I find my Corduroy too muddy and bass-y. Can I change something here to cut out bass frequencies? I also want more range on my high pass filter.


----------



## Flying (Oct 26, 2019)

I came across this the other day: https://www.thegearpage.net/board/i...ler-velvet-love-it-or-leave-it.1489711/page-2

Post 29


----------



## moonlightpedalbuilds (Oct 26, 2019)

Flying said:


> I came across this the other day: https://www.thegearpage.net/board/i...ler-velvet-love-it-or-leave-it.1489711/page-2
> 
> Post 29



Remove C18 2n2 cap. Nice! I also increased the R2 1k resistor going into the bottom 1st stage just to keep up with my active pups.


----------



## Chuck D. Bones (Oct 26, 2019)

If you want to reduce the mud, that usually involves cutting the bass going into the distortion stage.  
If you want to cut the bass in the BIG channel, reduce C7 or C8.  Try a 10x reduction and try them one at a time.
If you want to cut the bass in the TIGHT channel, reduce C1 to 10nF.  If that's too much cut, then try 22nF.

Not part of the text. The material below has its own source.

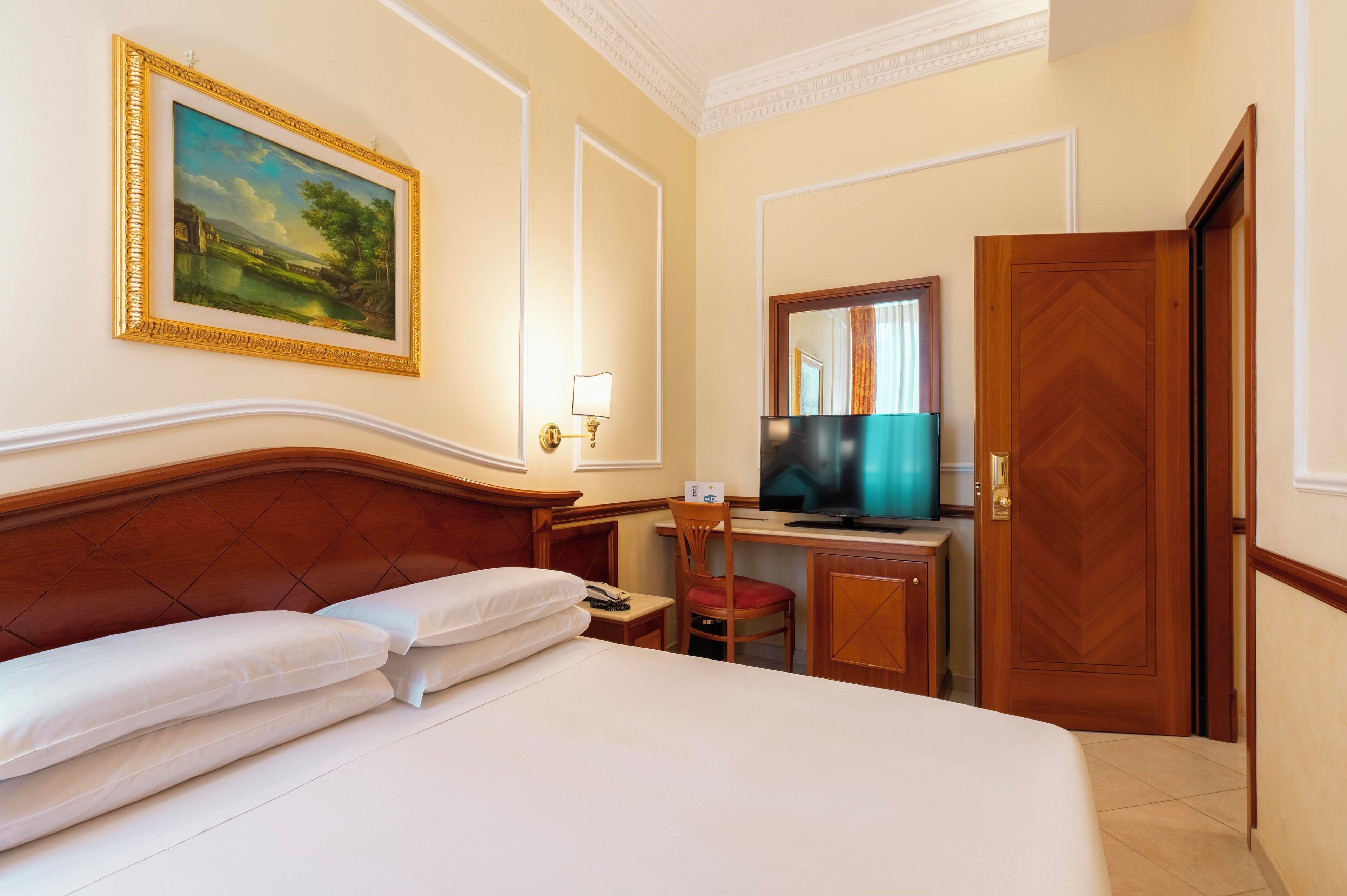 A hotel room with a large bed, a desk with a television, a chair, and a wooden door.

How much did you increase R2?  Another way to lower the gain of the BIG channel is to increase R11.  If you go more than about 2.2K, you'll need to increase R8.  The voltage on Q1-C should be approx 4.5V.

Have you tried tweaking the trimpots for best sound?


----------



## Chuck D. Bones (Oct 26, 2019)

I got mine out and played it a bit.  Hmmm.  There is much darkness in this pedal.  

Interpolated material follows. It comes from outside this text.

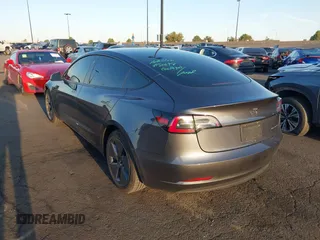 2021 Tesla Model 3 Long Range with VIN 5YJ3E1EBXMF995814, listed as a IAAI auction lot 41838453 with 51,415 mi miles. Bid and sale history available at carsss.com. Image 3.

C5, R4 & R5 roll-off the Tight channel treble at 1.2KHz.  C10, R10 & R12-R14 roll-off the Big channel treble at 975Hz.  Cutting C5 and/or C10 in half extends the bandwidth before the JFET distortion stages by an octave.  
With the BRIGHT control all the way up, C19 R26, R27 and the BRIGHT pot roll-off the treble at 490Hz.  The BRIGHT control affects the treble cut above 1KHz.  Deleting C18 only has an effect above 7KHz.  If you want to brighten up the signal after the distortion, then C19 is the capacitor to change.  Cutting C19 in half moves the initial roll-off out to 1KHz and the BRIGHT control range out to above 2KHz.  If that's still not bright enough, _then _delete C18.
Not sure yet if I'm going to mod mine or not.


----------



## moonlightpedalbuilds (Oct 26, 2019)

I already got the trimpots dialed in. Removing C18 did the trick for now. I will see if it holds up on a gig environment.


----------